Мы видели Гамлетов, принявших на свои плечи тяготу долга и противящихся этому долгу. Гамлетов, столкнувшихся с предательством и злом века и потрясенных этим злом; Гамлетов ожесточенных, Гамлетов медлящих, потому что им нужно сначала разобраться в мире, а потом что-то в нем переделывать, и Гамлетов, брезгливо отстраняющихся. Гамлет — Высоцкий ушиблен мыслью о смерти. Она пульсирует в его крови, как лихорадка. Не предательство дяди, не общая ложь, которую он, пожалуй, даже и подозревал при дворе, а бренность и беззащитность всего живого и прекрасного, что воплощал для него отец, перед лицом небытия — составляет то, что можно было бы назвать лейтмотивом роли. Рано или поздно искусство возвращается к истокам, и от вопроса о жизни и смерти уйти никому не дано.
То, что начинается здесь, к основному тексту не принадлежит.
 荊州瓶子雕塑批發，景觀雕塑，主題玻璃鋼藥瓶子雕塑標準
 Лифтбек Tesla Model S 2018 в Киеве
Но когда оружие глобального уничтожения служит фоном бытия и даже «малые войны» влекут за собой великие жертвы, этот вопрос из «вечного» становится реальным, почти что практическим.

Если бы в таланте Высоцкого не было плебейской витальности, почти звериной цепкости бытия, контраст с мыслью о смерти не был бы так разителен. Если бы в его темпераменте не было бы вечной тоски по несбыточному, проблеска идеального, — вероятно, мысль эта осталась бы уже слышанной публицистикой. Пронзившая {16} именно эту человеческую индивидвуальность, она становится живой, пульсирующей, «судьбинной», как прежде говорили…

* * *

… Джульетта, сжимая в кулачке пузырек с ядом, данный ей Лоренцо, выходит к рампе, чуть не оступаясь в зал. Это уже не девочка. Запавшие, лихорадочные глаза обведены синяками, лицо серое, почти что страшное.
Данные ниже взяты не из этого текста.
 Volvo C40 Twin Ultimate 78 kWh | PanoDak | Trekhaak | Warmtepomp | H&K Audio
… Смогу ль я целым сохранить рассудок
Средь царства смерти и полночной тьмы
В соединенье с ужасами места,
Под сводами, где долгие века
Покоятся останки наших предков
И труп Тибальта начинает гнить,
Едва зарытый в свежую могилу?..
(Перевод Б. Пастернака)

Я помню спектакль, когда в этом месте мне захотелось отвернуться от почти невыносимой обнаженности чувства, проступившего сквозь все ухищрения грима и плоть лица О. Яковлевой.
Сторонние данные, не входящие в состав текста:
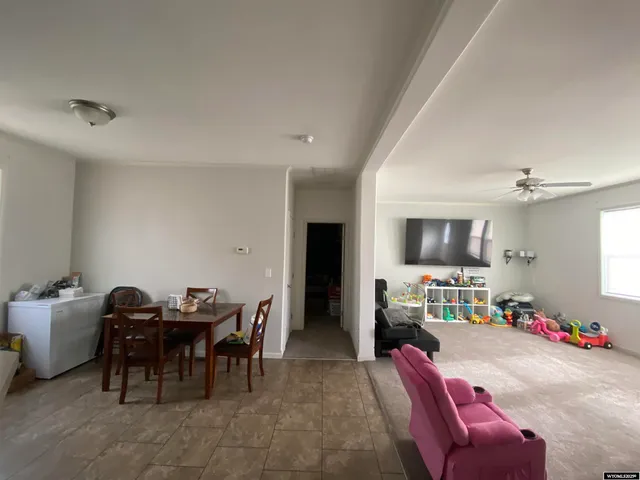 $280,000 | 810 Cliff Avenue, Riverton, WY 82501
О. Яковлева играет Джульетту от спектакля к спектаклю так же неровно, как и В. Высоцкий — Гамлета. Может быть, это недостаточность профессиональной школы. Может быть, бремя страстей человеческих, обрушенное на них Шекспиром и принятое на всю посильную меру души, стонущей под этим бременем.

Молено сыграть Шекспира «вполноги и на одном обаянии», как говорят в балете. Можно постараться выразить его на всю доступную глубину «истинности страстей и правдоподобия чувствований». Так проработал за десять лет «Ромео и Джульетту» Театр на Бронной.

{17} Можно недоумевать по поводу символического задника вроде взметенных павлиньих перьев, окрашенного от акта к акту в разные тона, который сделал художник слишком броским фоном действия. Маленькой мраморной статуи на площади условной Вероны и легких конструкций, ажурно, намеком обозначающих место действия, и так за глаза довольно. Спектакль не нуждается в дополнительных эмоциональных ударениях.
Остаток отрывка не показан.